Saved entries:
Content starts

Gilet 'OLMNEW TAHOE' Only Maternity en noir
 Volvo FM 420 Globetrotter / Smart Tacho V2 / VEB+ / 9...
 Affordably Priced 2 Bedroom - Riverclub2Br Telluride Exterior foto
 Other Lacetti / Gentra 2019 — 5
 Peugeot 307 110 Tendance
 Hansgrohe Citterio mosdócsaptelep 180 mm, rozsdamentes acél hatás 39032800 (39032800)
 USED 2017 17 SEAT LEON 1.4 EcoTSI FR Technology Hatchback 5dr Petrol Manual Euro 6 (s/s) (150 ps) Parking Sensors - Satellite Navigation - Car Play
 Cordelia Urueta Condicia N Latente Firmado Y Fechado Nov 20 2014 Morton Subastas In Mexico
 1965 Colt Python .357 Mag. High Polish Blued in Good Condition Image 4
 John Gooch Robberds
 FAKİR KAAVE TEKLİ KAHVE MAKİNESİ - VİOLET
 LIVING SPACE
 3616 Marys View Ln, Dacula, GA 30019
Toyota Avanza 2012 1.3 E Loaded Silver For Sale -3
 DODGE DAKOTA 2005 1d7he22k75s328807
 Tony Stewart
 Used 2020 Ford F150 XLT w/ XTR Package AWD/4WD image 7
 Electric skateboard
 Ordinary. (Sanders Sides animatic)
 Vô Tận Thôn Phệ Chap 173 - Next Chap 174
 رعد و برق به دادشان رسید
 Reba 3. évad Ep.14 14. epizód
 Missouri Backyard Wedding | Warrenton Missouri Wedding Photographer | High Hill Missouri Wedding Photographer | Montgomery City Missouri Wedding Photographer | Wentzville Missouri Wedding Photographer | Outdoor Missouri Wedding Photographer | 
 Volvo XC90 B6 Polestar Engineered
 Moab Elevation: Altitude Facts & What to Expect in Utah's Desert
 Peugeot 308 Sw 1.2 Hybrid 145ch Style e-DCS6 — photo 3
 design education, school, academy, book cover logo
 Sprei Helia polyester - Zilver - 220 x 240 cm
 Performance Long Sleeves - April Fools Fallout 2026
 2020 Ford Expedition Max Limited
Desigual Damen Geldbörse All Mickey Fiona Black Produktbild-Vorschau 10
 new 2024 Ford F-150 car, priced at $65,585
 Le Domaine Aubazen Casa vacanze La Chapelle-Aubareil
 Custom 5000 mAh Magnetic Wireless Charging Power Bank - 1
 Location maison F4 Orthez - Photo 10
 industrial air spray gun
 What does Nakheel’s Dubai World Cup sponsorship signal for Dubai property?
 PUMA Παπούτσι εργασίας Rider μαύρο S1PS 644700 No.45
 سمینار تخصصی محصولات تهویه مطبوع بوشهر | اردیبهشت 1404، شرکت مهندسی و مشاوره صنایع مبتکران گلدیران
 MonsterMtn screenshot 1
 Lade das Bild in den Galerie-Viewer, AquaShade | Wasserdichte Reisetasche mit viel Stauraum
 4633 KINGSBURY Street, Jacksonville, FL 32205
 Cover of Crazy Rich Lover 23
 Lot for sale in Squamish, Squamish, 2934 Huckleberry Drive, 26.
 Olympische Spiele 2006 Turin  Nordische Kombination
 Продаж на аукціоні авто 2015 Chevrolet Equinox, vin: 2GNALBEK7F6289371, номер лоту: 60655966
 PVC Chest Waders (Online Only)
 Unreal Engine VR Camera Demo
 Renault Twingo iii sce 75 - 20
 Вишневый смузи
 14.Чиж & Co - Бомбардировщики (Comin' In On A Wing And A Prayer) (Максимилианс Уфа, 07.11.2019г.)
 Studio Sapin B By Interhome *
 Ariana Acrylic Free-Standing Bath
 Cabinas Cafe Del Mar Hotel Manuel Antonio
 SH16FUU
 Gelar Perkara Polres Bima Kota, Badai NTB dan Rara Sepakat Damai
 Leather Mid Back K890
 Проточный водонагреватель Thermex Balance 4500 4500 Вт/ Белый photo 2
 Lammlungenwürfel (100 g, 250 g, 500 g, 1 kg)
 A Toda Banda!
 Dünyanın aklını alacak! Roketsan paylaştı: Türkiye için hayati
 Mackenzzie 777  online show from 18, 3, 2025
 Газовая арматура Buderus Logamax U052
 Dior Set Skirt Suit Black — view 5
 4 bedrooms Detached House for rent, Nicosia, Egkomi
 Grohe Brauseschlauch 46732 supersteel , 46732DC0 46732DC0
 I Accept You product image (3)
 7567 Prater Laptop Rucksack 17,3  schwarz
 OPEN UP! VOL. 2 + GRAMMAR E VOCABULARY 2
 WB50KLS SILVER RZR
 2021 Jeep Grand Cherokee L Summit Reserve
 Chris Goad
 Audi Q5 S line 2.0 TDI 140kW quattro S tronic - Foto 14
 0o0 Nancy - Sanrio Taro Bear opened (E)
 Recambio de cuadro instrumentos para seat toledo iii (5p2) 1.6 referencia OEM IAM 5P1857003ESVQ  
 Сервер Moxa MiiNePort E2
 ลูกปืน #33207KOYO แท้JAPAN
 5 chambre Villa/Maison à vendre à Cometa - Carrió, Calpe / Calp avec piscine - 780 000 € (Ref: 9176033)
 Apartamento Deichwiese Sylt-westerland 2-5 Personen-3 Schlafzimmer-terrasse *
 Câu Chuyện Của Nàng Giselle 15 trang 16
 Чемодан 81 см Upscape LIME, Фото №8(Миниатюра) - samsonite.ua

Content ends

• Work required:
The records above need copying. Do it exactly.

• Response to this exercise:
Gilet 'OLMNEW TAHOE' Only Maternity en noir
 Volvo FM 420 Globetrotter / Smart Tacho V2 / VEB+ / 9...
 Affordably Priced 2 Bedroom - Riverclub2Br Telluride Exterior foto
 Other Lacetti / Gentra 2019 — 5
 Peugeot 307 110 Tendance
 Hansgrohe Citterio mosdócsaptelep 180 mm, rozsdamentes acél hatás 39032800 (39032800)
 USED 2017 17 SEAT LEON 1.4 EcoTSI FR Technology Hatchback 5dr Petrol Manual Euro 6 (s/s) (150 ps) Parking Sensors - Satellite Navigation - Car Play
 Cordelia Urueta Condicia N Latente Firmado Y Fechado Nov 20 2014 Morton Subastas In Mexico
 1965 Colt Python .357 Mag. High Polish Blued in Good Condition Image 4
 John Gooch Robberds
 FAKİR KAAVE TEKLİ KAHVE MAKİNESİ - VİOLET
 LIVING SPACE
 3616 Marys View Ln, Dacula, GA 30019
Toyota Avanza 2012 1.3 E Loaded Silver For Sale -3
 DODGE DAKOTA 2005 1d7he22k75s328807
 Tony Stewart
 Used 2020 Ford F150 XLT w/ XTR Package AWD/4WD image 7
 Electric skateboard
 Ordinary. (Sanders Sides animatic)
 Vô Tận Thôn Phệ Chap 173 - Next Chap 174
 رعد و برق به دادشان رسید
 Reba 3. évad Ep.14 14. epizód
 Missouri Backyard Wedding | Warrenton Missouri Wedding Photographer | High Hill Missouri Wedding Photographer | Montgomery City Missouri Wedding Photographer | Wentzville Missouri Wedding Photographer | Outdoor Missouri Wedding Photographer | 
 Volvo XC90 B6 Polestar Engineered
 Moab Elevation: Altitude Facts & What to Expect in Utah's Desert
 Peugeot 308 Sw 1.2 Hybrid 145ch Style e-DCS6 — photo 3
 design education, school, academy, book cover logo
 Sprei Helia polyester - Zilver - 220 x 240 cm
 Performance Long Sleeves - April Fools Fallout 2026
 2020 Ford Expedition Max Limited
Desigual Damen Geldbörse All Mickey Fiona Black Produktbild-Vorschau 10
 new 2024 Ford F-150 car, priced at $65,585
 Le Domaine Aubazen Casa vacanze La Chapelle-Aubareil
 Custom 5000 mAh Magnetic Wireless Charging Power Bank - 1
 Location maison F4 Orthez - Photo 10
 industrial air spray gun
 What does Nakheel’s Dubai World Cup sponsorship signal for Dubai property?
 PUMA Παπούτσι εργασίας Rider μαύρο S1PS 644700 No.45
 سمینار تخصصی محصولات تهویه مطبوع بوشهر | اردیبهشت 1404، شرکت مهندسی و مشاوره صنایع مبتکران گلدیران
 MonsterMtn screenshot 1
 Lade das Bild in den Galerie-Viewer, AquaShade | Wasserdichte Reisetasche mit viel Stauraum
 4633 KINGSBURY Street, Jacksonville, FL 32205
 Cover of Crazy Rich Lover 23
 Lot for sale in Squamish, Squamish, 2934 Huckleberry Drive, 26.
 Olympische Spiele 2006 Turin  Nordische Kombination
 Продаж на аукціоні авто 2015 Chevrolet Equinox, vin: 2GNALBEK7F6289371, номер лоту: 60655966
 PVC Chest Waders (Online Only)
 Unreal Engine VR Camera Demo
 Renault Twingo iii sce 75 - 20
 Вишневый смузи
 14.Чиж & Co - Бомбардировщики (Comin' In On A Wing And A Prayer) (Максимилианс Уфа, 07.11.2019г.)
 Studio Sapin B By Interhome *
 Ariana Acrylic Free-Standing Bath
 Cabinas Cafe Del Mar Hotel Manuel Antonio
 SH16FUU
 Gelar Perkara Polres Bima Kota, Badai NTB dan Rara Sepakat Damai
 Leather Mid Back K890
 Проточный водонагреватель Thermex Balance 4500 4500 Вт/ Белый photo 2
 Lammlungenwürfel (100 g, 250 g, 500 g, 1 kg)
 A Toda Banda!
 Dünyanın aklını alacak! Roketsan paylaştı: Türkiye için hayati
 Mackenzzie 777  online show from 18, 3, 2025
 Газовая арматура Buderus Logamax U052
 Dior Set Skirt Suit Black — view 5
 4 bedrooms Detached House for rent, Nicosia, Egkomi
 Grohe Brauseschlauch 46732 supersteel , 46732DC0 46732DC0
 I Accept You product image (3)
 7567 Prater Laptop Rucksack 17,3  schwarz
 OPEN UP! VOL. 2 + GRAMMAR E VOCABULARY 2
 WB50KLS SILVER RZR
 2021 Jeep Grand Cherokee L Summit Reserve
 Chris Goad
 Audi Q5 S line 2.0 TDI 140kW quattro S tronic - Foto 14
 0o0 Nancy - Sanrio Taro Bear opened (E)
 Recambio de cuadro instrumentos para seat toledo iii (5p2) 1.6 referencia OEM IAM 5P1857003ESVQ  
 Сервер Moxa MiiNePort E2
 ลูกปืน #33207KOYO แท้JAPAN
 5 chambre Villa/Maison à vendre à Cometa - Carrió, Calpe / Calp avec piscine - 780 000 € (Ref: 9176033)
 Apartamento Deichwiese Sylt-westerland 2-5 Personen-3 Schlafzimmer-terrasse *
 Câu Chuyện Của Nàng Giselle 15 trang 16
 Чемодан 81 см Upscape LIME, Фото №8(Миниатюра) - samsonite.ua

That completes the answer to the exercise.